In his 1956 classic short story Pay for the Printer, science fiction author Philip K. Dick wrote about large alien creatures who were able to duplicate any human object, from a pocket watch to a car. They were physically huge, of course, big enough to duplicate a full-size automobile. Or maybe a boat.
The Biltong was dying. Huge and old, it squatted in the center of the settlement park...
On the concrete platform, in front of the dying Biltong, lay a heap of originals to be duplicated. Beside them, a few prints had been commenced, unformed balls of black ash mixed with the moisture of the Biltong's body, the juice from which it laboriously constructed its prints.
(Read more about Biltong Lifeform)
The Biltong laboriously recreated objects using some of their own substance, mixed with chemical ash. Printed objects were physically similar, even if they were made of different materials.

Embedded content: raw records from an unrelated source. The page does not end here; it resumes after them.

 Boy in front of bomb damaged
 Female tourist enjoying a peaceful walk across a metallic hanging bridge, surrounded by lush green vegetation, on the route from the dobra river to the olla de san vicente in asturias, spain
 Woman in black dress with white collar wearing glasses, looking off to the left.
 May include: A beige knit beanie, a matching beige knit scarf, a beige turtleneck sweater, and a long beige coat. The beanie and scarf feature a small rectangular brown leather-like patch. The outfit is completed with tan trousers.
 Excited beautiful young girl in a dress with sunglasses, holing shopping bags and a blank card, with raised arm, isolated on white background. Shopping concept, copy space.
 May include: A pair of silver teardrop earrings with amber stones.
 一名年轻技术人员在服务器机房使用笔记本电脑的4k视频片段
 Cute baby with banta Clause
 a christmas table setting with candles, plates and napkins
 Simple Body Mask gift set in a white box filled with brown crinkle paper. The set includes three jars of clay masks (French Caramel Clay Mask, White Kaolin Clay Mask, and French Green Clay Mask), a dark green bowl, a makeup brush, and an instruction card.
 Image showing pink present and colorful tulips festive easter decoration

“In my kitchen I had that whole set of stainless steel carving knives — the best Swedish steel. And now they’re nothing but black ash.”
Interestingly, the University of Maine 3D printer also uses basic elements, a special kind of cellulose, mixed with plastic, that is stronger than steel.
Cellulose nano fiber is cellulose that has been broken down to a scale of nanometers, or billionths of a meter. Placing cellulose nano fiber into plastics results in strong, stiff and recyclable bio-derived material that becomes filament in the 3D printer...
Nano cellulose is stronger than steel and stiffer than Kevlar, said Moe Khaleel, associate laboratory director for Energy and Environmental Sciences at Oak Ridge...
If the Biltong was old or careless, the printed object might eventually decompose into useless ash - Phil Dick invented a word for it: puddinged.